--- ASSIGNED TASK ---
Each entry is to be printed again word for word.
====== RECORDS FOR PROCESSING
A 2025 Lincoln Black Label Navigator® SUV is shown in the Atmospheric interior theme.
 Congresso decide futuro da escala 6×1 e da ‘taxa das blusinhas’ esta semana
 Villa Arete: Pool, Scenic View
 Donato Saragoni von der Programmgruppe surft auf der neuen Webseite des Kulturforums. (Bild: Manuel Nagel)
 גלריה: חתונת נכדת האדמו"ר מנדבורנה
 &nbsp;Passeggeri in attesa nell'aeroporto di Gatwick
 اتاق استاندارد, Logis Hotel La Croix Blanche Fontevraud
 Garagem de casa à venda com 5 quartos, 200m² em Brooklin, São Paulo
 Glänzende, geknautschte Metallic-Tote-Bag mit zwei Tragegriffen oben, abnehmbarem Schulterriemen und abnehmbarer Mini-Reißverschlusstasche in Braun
============
--- ANSWER TO THIS EXERCISE ---
A 2025 Lincoln Black Label Navigator® SUV is shown in the Atmospheric interior theme.
 Congresso decide futuro da escala 6×1 e da ‘taxa das blusinhas’ esta semana
 Villa Arete: Pool, Scenic View
 Donato Saragoni von der Programmgruppe surft auf der neuen Webseite des Kulturforums. (Bild: Manuel Nagel)
 גלריה: חתונת נכדת האדמו"ר מנדבורנה
 &nbsp;Passeggeri in attesa nell'aeroporto di Gatwick
 اتاق استاندارد, Logis Hotel La Croix Blanche Fontevraud
 Garagem de casa à venda com 5 quartos, 200m² em Brooklin, São Paulo
 Glänzende, geknautschte Metallic-Tote-Bag mit zwei Tragegriffen oben, abnehmbarem Schulterriemen und abnehmbarer Mini-Reißverschlusstasche in Braun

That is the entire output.